In [None]:
from sklearn.linear_model import LogisticRegression
from sklearn import model_selection, utils
from sklearn.metrics import accuracy_score, confusion_matrix, classification_report
import pandas as pd
import seaborn as sns
import matplotlib.pyplot as plt

# Clasificador de regresión logística

## Predicción de *creditability*

### Análisis de dataset

In [None]:
data_df = pd.read_csv(
        "./german_credit.csv", header=0, sep=',')

# change 0 to "No" and 1 to "Yes"
display_data = data_df[["Creditability"]].replace(
    {0: "No", 1: "Yes"})

# plot histogram
display_data.apply(pd.value_counts).T.plot(kind='bar', rot=0)


### Resultados del clasificador

In [None]:

X = data_df.drop('Creditability', axis=1)
y = data_df['Creditability']
X_train, X_test, y_train, y_test = model_selection.train_test_split(X, y, test_size=0.2, random_state=1)

classifier = LogisticRegression(random_state = 0, max_iter = 1000)
classifier.fit(X_train, y_train)

y_pred = classifier.predict(X_test)
coefs_by_col = pd.DataFrame({'Coef': classifier.coef_[0], 'Attribute': X.columns})
coefs_by_col.plot.barh(x='Attribute', y='Coef', figsize=(20, 8))
plt.show()

matrix = confusion_matrix(y_test, y_pred)
sns.heatmap(matrix, annot=True, fmt='d', cmap='Blues')

## Predicción de género (mujer: 0, hombre: 1)

### Análisis de dataset

In [None]:
data_df = pd.read_csv(
        "./german_credit.csv", header=0, sep=',')

# MUJER: 0, HOMBRE: 1
data_df.loc[data_df["Sex & Marital Status"] == 2, "Sex & Marital Status"] = 1
data_df.loc[data_df["Sex & Marital Status"] == 3, "Sex & Marital Status"] = 1
data_df.loc[data_df["Sex & Marital Status"] == 4, "Sex & Marital Status"] = 0

display_data = data_df[["Sex & Marital Status"]].replace(
    {0: "Mujer", 1: "Hombre"})

# plot histogram
display_data.apply(pd.value_counts).T.plot(kind='bar', rot=0)

### Resultados del clasificador

In [None]:
X = data_df.drop('Sex & Marital Status', axis=1)
y = data_df['Sex & Marital Status']
X_train, X_test, y_train, y_test = model_selection.train_test_split(X, y, test_size=0.4, random_state=1)

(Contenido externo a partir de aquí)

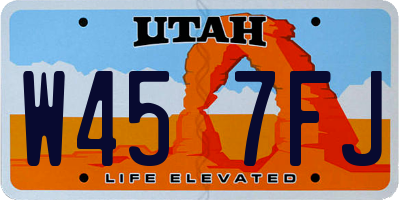 UT license plate W457FJ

classifier = LogisticRegression(random_state = 0, max_iter = 1000)
classifier.fit(X_train, y_train)

y_pred = classifier.predict(X_test)
coefs_by_col = pd.DataFrame({'Coef': classifier.coef_[0], 'Attribute': X.columns})
coefs_by_col.plot.barh(x='Attribute', y='Coef', figsize=(20, 8))
plt.show()

matrix = confusion_matrix(y_test, y_pred)
sns.heatmap(matrix, annot=True, fmt='d', cmap='Blues')

## *Creditability* solo teniendo en cuenta la columna *Sex & Marital Status*

In [None]:
data_df = pd.read_csv(
        "./german_credit.csv", header=0, sep=',')

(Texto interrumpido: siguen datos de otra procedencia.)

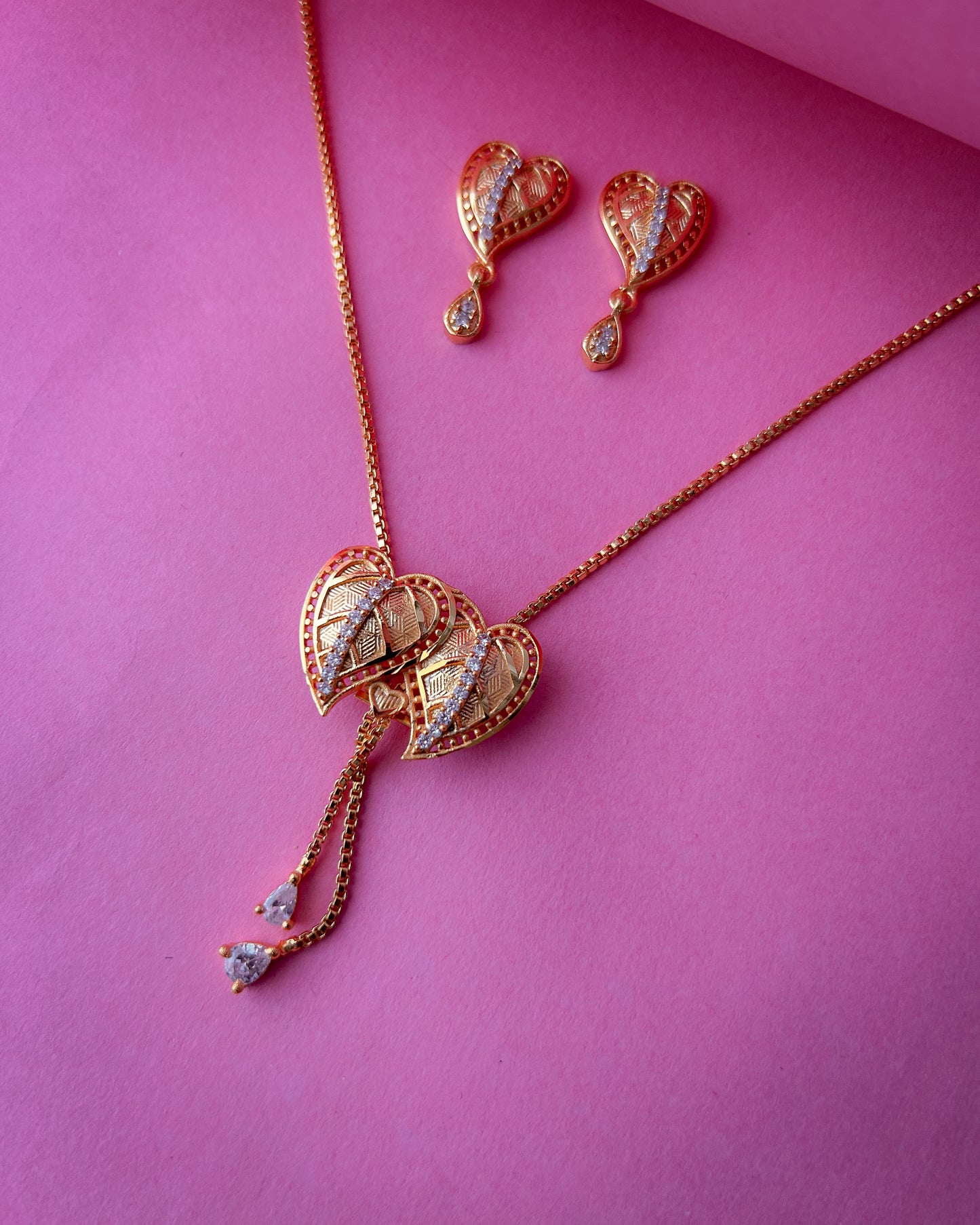 Antique Gold Heart Pendant Set with Dangling Charms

# drop columns different than sex and creditability
data_df = data_df.drop(data_df.columns.difference(['Creditability','Sex & Marital Status']), 1)

X = data_df.drop('Creditability', axis=1)
y = data_df['Creditability']
X_train, X_test, y_train, y_test = model_selection.train_test_split(X, y, test_size=0.4, random_state=1)

classifier = LogisticRegression(random_state = 0, max_iter = 1000)
classifier.fit(X_train, y_train)

y_pred = classifier.predict(X_test)
coefs_by_col = pd.DataFrame({'Coef': classifier.coef_[0], 'Attribute': X.columns})
coefs_by_col.plot.barh(x='Attribute', y='Coef', figsize=(20, 8))
plt.show()

matrix = confusion_matrix(y_test, y_pred)
sns.heatmap(matrix, annot=True, fmt='d', cmap='Blues')